Available records START
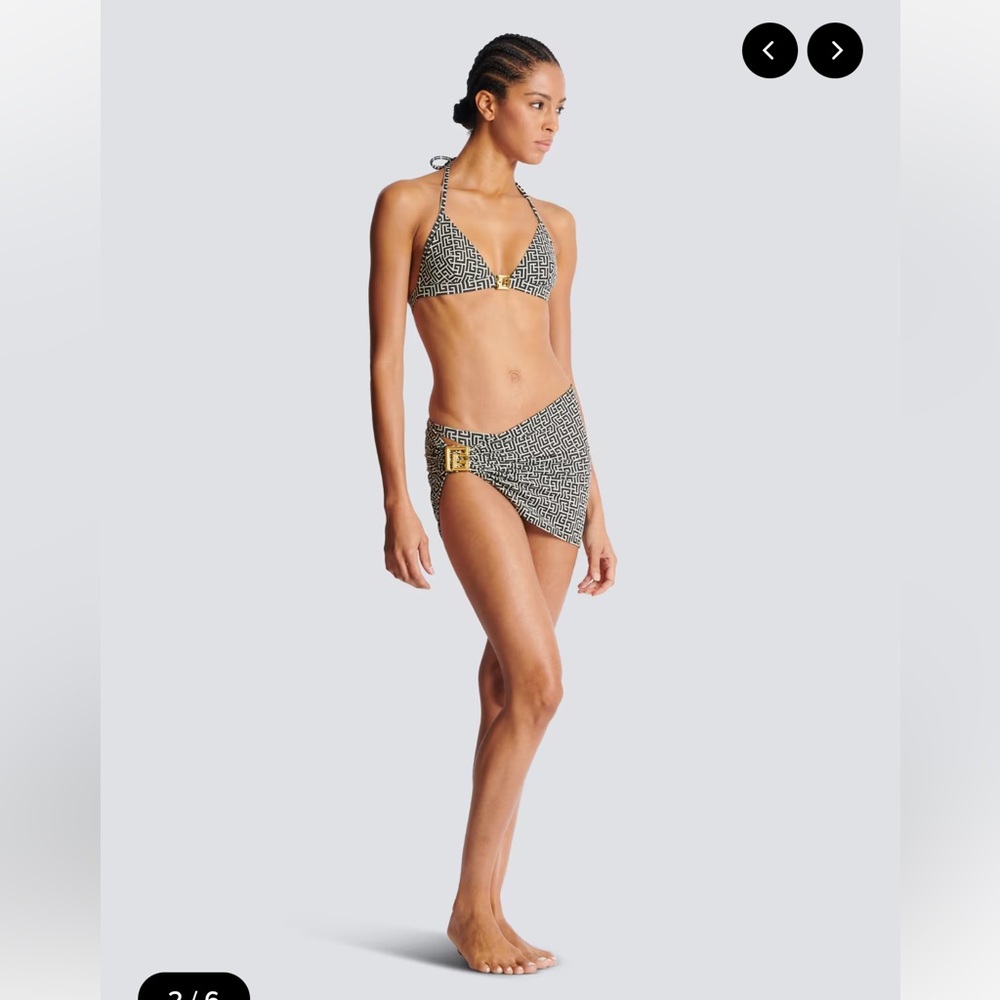 BALMAIN***Printed PB Labyrinth Sarong****Sm./Med.** $385 NWT - Picture 5 of 9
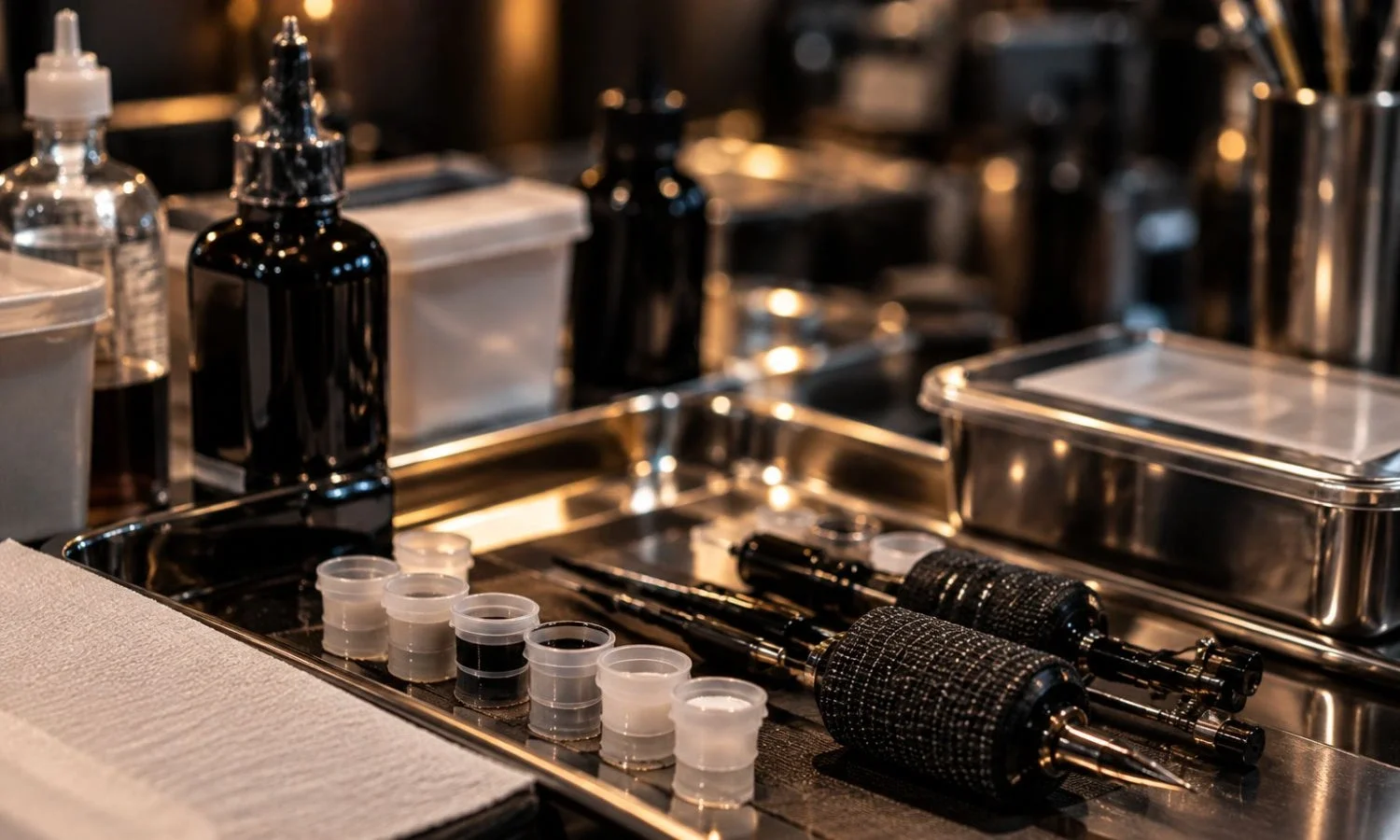 Professional tattoo supplies, ink caps, and equipment arranged on a clean workstation before a tattoo session.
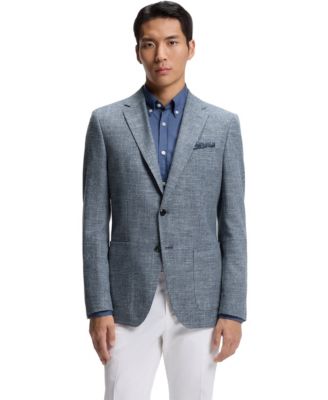 Men's Patterned Stretch-Cotton Blend Regular-Fit Blazer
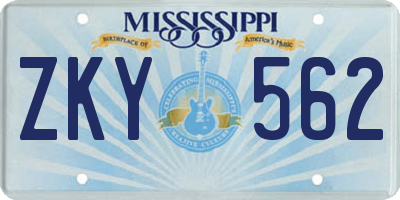 MS license plate ZKY562
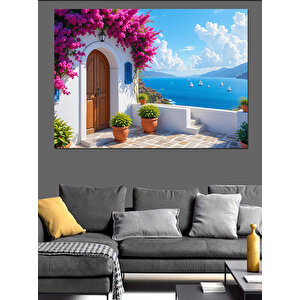 Sahil Manzaralı Renkli Ev Kapısı Dekoratif Kanvas - Mdf Ahşap Tablo 100x140 cm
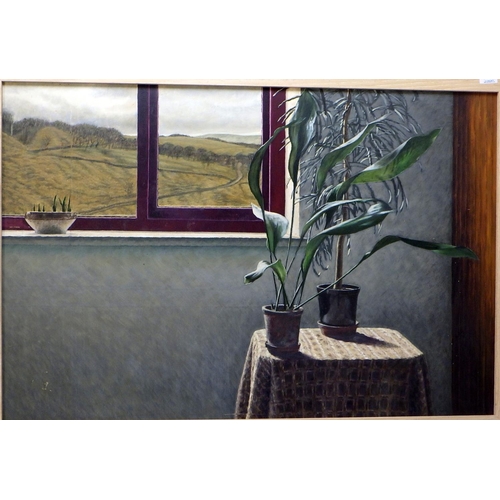 209 - Michael Exall, 'Aspidestra And Aralia', oil on board 1985 (£425): 80x103cm. VAT & Buyers Premium app... 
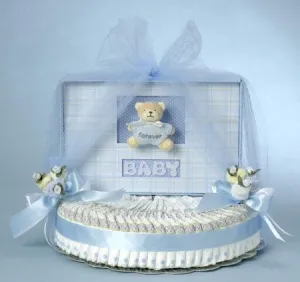 Forever Baby Book Diaper Cake- Boy Baby Gift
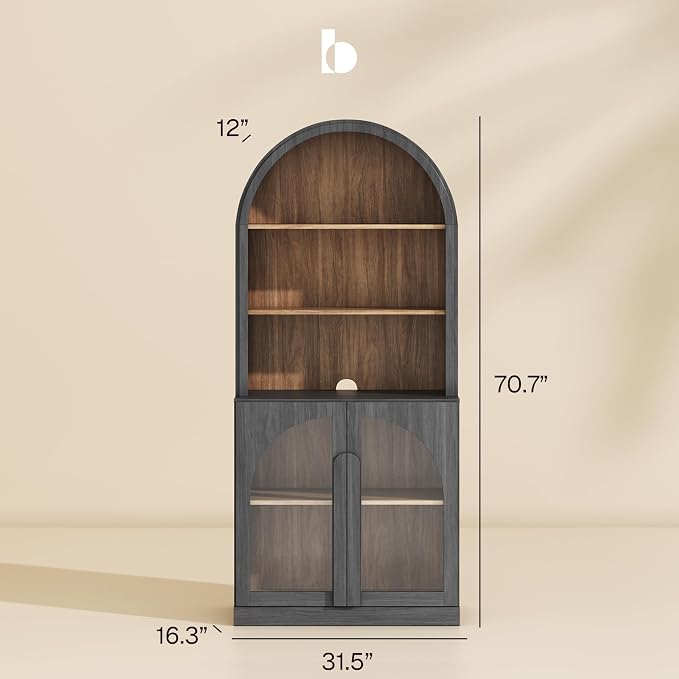 BELLEZE Arched Bookshelf with Glass Doors, 71" Tall Wood Display Cabinet with Adjustable Shelf and Hutch, 5 Tier Modern Bookcase Shelf with Storage for Living Room Office, Ebony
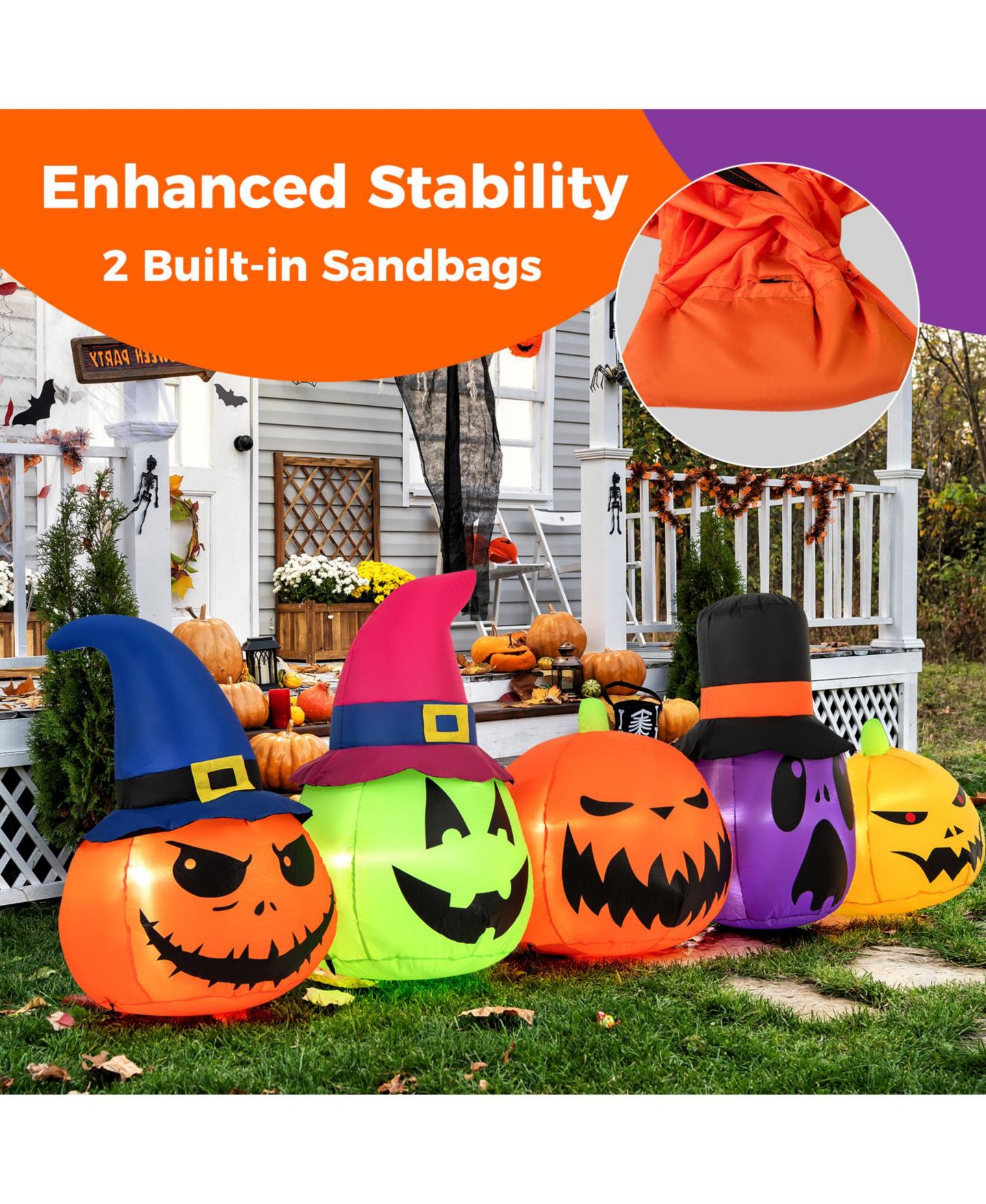 Детская игрушка Costway 9 FT Inflatable Pumpkin Patch Family Blow up Yard Halloween, цвет: Оранжевый — фото 8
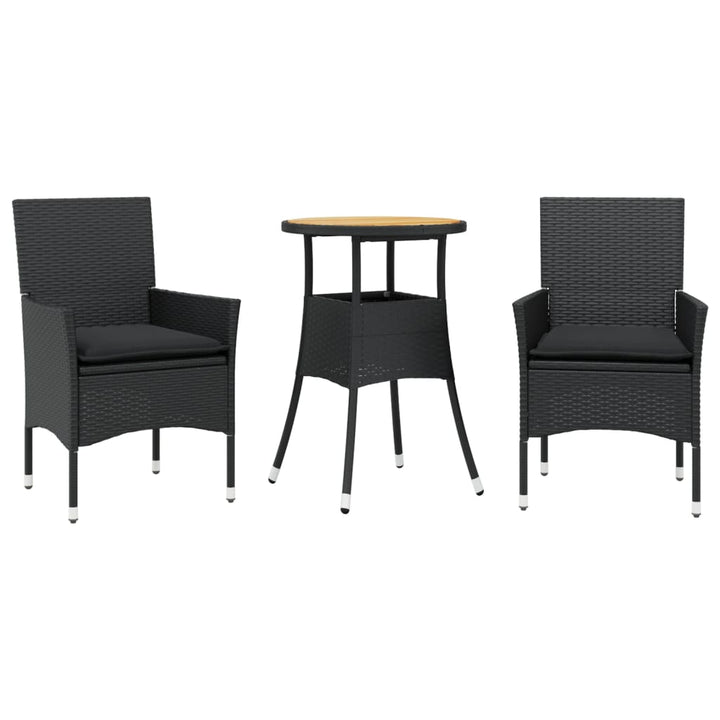 spisebordssæt til haven 3dele m. hynder polyrattan og glas sort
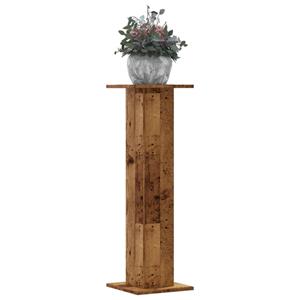 VidaXL Plantenstandaards 2 st 30x30x95 cm bewerkt hout oud houtkleurig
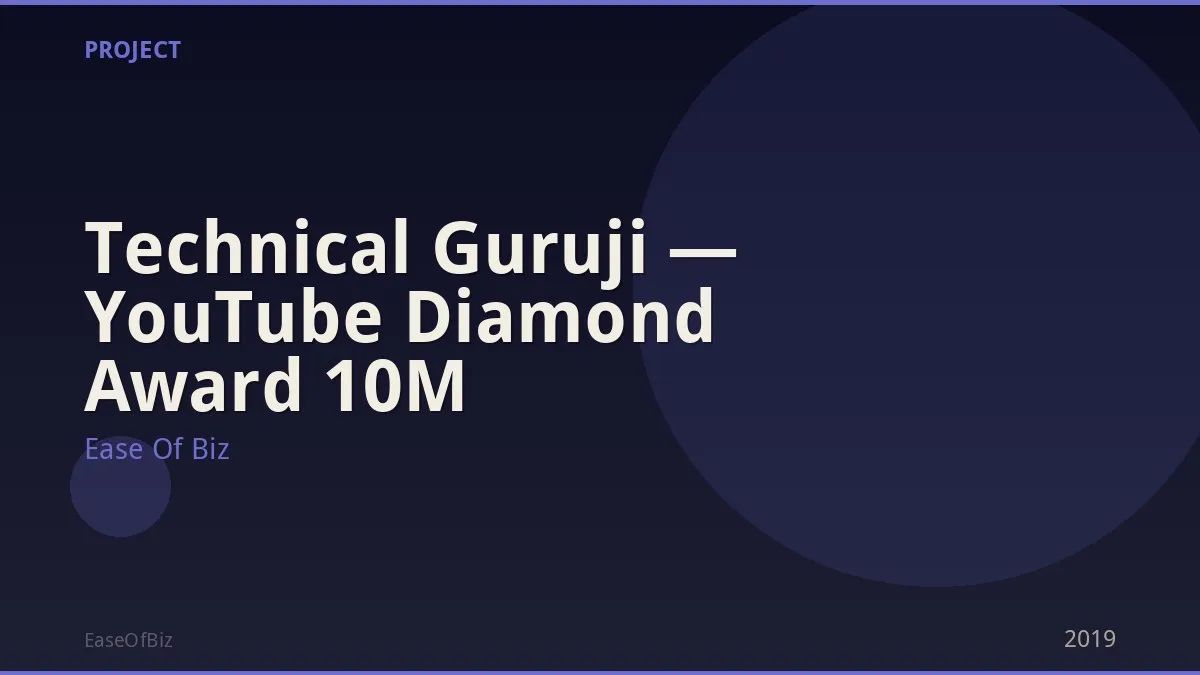Technical Guruji — YouTube Diamond Award 10M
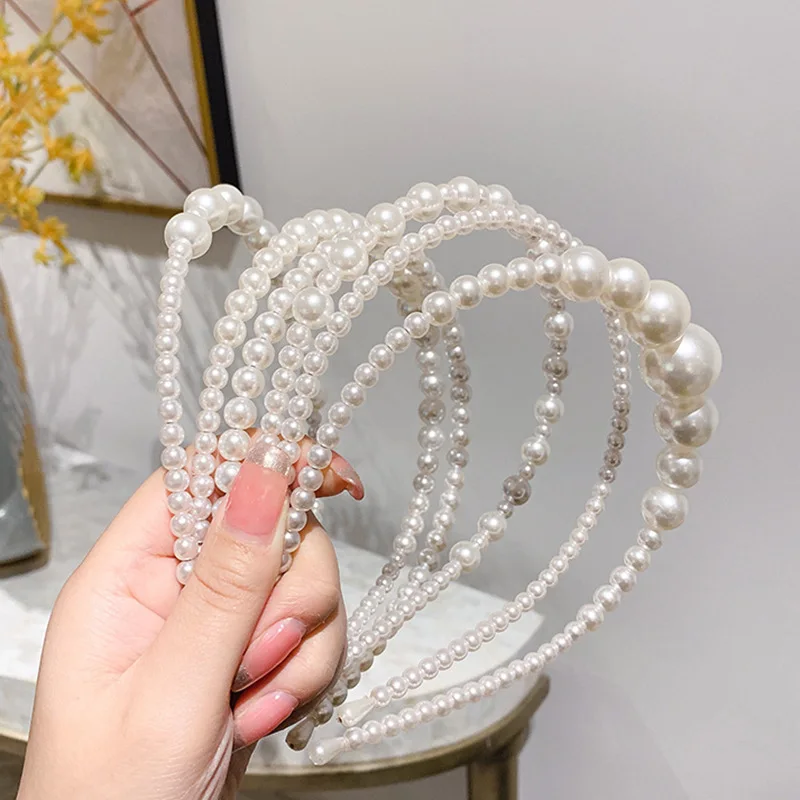 

2020 New Women Boho Elegant Full Lady Headband Pearls Hairbands Hair Bows Hoops Holder Ornament Minnie Headwear Hair Accessories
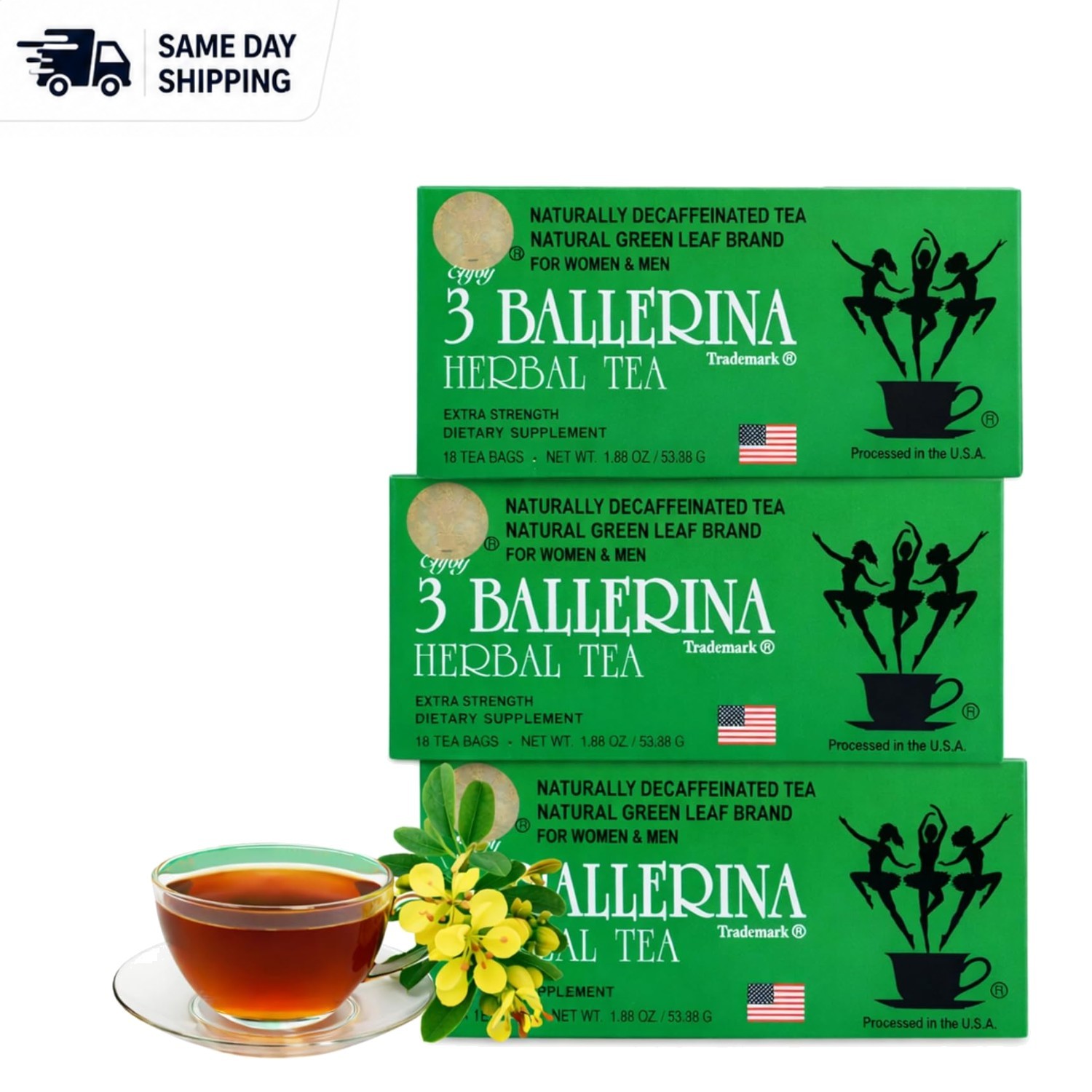 Plant-Based Extra Strength Green Tea – 54 Unflavored Bags in Convenient Boxes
Available records END
*Exercise brief:* From the data above, return exactly the lines from the one with "MS license plate ZKY562" up to and including the one with "Forever Baby Book Diaper Cake- Boy Baby Gift". Pictures do not go in the copy.

*Task answer:*
 MS license plate ZKY562
 Sahil Manzaralı Renkli Ev Kapısı Dekoratif Kanvas - Mdf Ahşap Tablo 100x140 cm
 209 - Michael Exall, 'Aspidestra And Aralia', oil on board 1985 (£425): 80x103cm. VAT & Buyers Premium app... 
 Forever Baby Book Diaper Cake- Boy Baby Gift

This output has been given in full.